Biden, in his own statement, lauded the settlement and praised U.S. trade representative Katherine Tai for her work to resolve the dispute. “We need a strong, diversified and resilient U.S.-based electric vehicle battery supply chain, so we can supply the growing global demand for these vehicles and components,” Biden said, adding the settlement “will bring some welcome relief to workers in Georgia and new opportunity for workers across the country.”

IT’S ALL ABOUT THE JOBS: The Biden administration this morning tried to ramp up the pressure on lawmakers to support its infrastructure plan by releasing state-by-state fact sheets that, among other things, detail the amount of clean energy jobs in each state and tout the opportunity for more job growth.

In Illinois, for example, there were 125,364 Illinoisans working in clean energy as of 2019, according to the White House, and the American Jobs Plan “invests in creating more good paying union jobs advancing clean energy production by extending and expanding tax credits for clean energy generation, carbon capture and sequestration and clean energy manufacturing.”

The White House also documents the vulnerability of each state to extreme weather, and makes the case for why the plan’s investments in resiliency could help. And it estimates the spending needs of each state for drinking water infrastructure.

SPEAKING OF JOBS: Jobs related to electric transportation could nearly double by 2024 in Illinois, a state particularly well positioned to benefit from boosting the nation’s EV manufacturing capacity and R&D spending on clean energy.

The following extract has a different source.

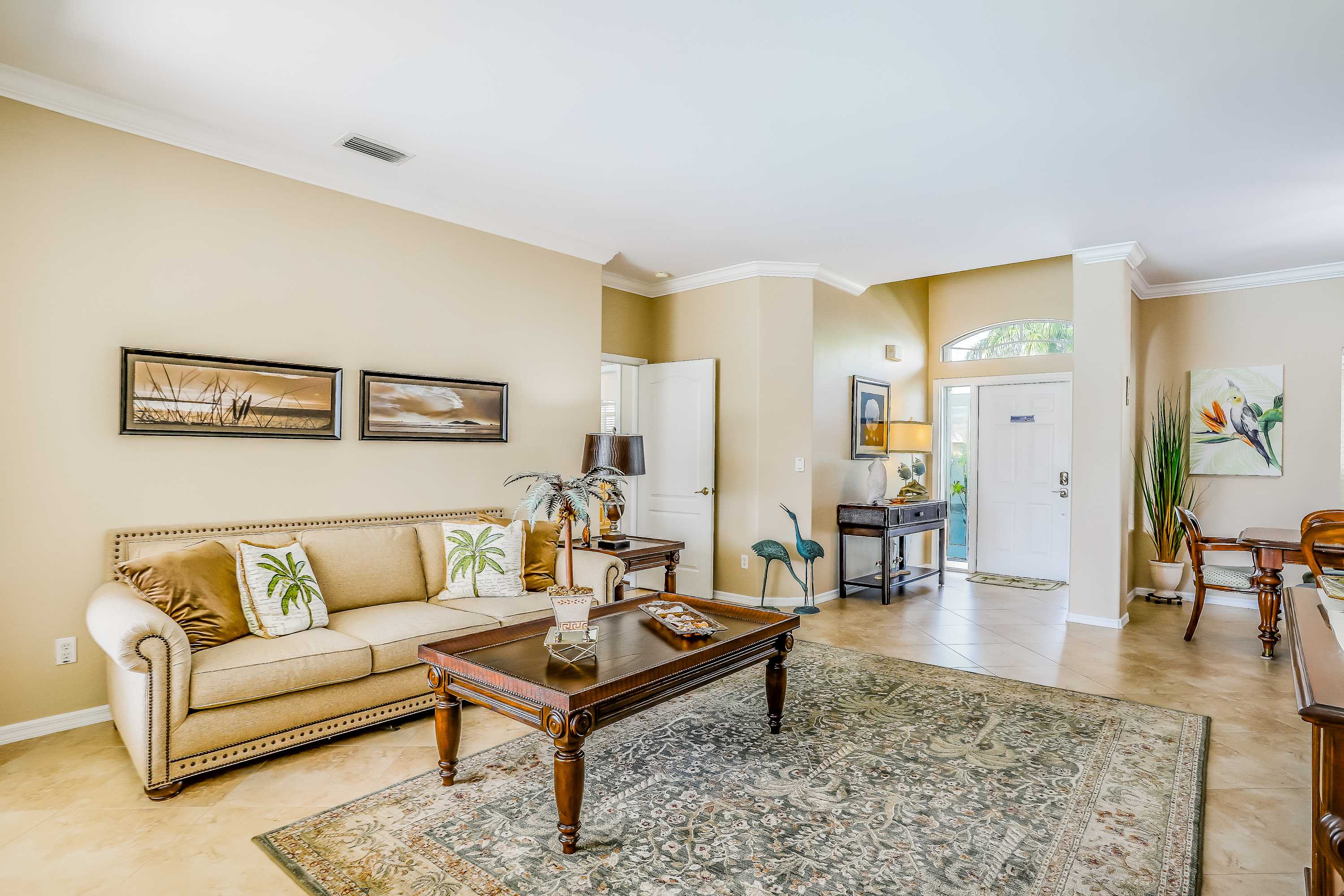 Spacious home with screened in pool & lush lakefront views minutes to beaches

Illinois employed roughly 5,200 workers in 2019 in businesses tied to electrifying transportation, and that number could increase to 9,500 by 2024, according to a report released this morning by the clean energy business group Advanced Energy Economy.

Two-thirds of the current jobs are in manufacturing, which will continue to play a growing role, the report said. The report calls on policymakers in Illinois to accelerate growth by setting an EV adoption goal in the state of 1.2 million vehicles by 2030, establishing a tax credit for EV supply-chain companies that relocate to Illinois, and building a network of public charging stations.

The Rundown

New York Times Indian Point is shutting down. That means more fossil fuel.

Washington Post A California county, despite the state’s climate goals, further embraces fossil fuels

Reuters Once ‘green’ plug-in hybrid cars suddenly look like dinosaurs in Europe

Calendar

WEDNESDAY | APRIL 14

10 a.m. SD-106 Dirksen. The Senate Environment and Public Works Committee will hold a hearing entitled, “Long-term Solvency of the Highway Trust Fund: Lessons Learned from the Surface Transportation System Funding Alternatives Program and Other User-based Revenue Solutions, and How Funding Uncertainty Affects the Highway Programs.”

11 a.m. Green 2.0, US Climate Action Network, Climate Nexus, and the National Black Environmental Justice Network will hold a virtual event called, “The First 100 Days: The People’s Town Hall for Justice.” Speakers include Rep. Donald McEachin, D-Va. and Shalanda Baker, deputy director for energy justice at the Department of Energy.

THURSDAY | APRIL 15

10 a.m. 366 Dirksen. The Senate Energy and Natural Resources Committee will hold a hearing to examine the “role of the Department of Energy in energy innovation and how its research, development, demonstration, and deployment programs may be enhanced.”

10:30 a.m. The House Energy and Commerce Committee’s Subcommittee on Environment and Climate Change will hold a remote legislative hearing on The CLEAN Future Act and environmental justice.

11 a.m. Room SH-216. The Senate Budget Committee will hold a hearing on “The Cost of Inaction on Climate Change.”

12 p.m. The House Select Committee on the Climate Crisis will hold a remote hearing titled, “Making the Case for Climate Action: The Growing Risks and Costs of Inaction.

TUESDAY | APRIL 20

12:30 p.m. The National Capital Area Chapter of the United States Association for Energy Economics’ will hold its annual Energy Policy Conference. The virtual event runs over two days.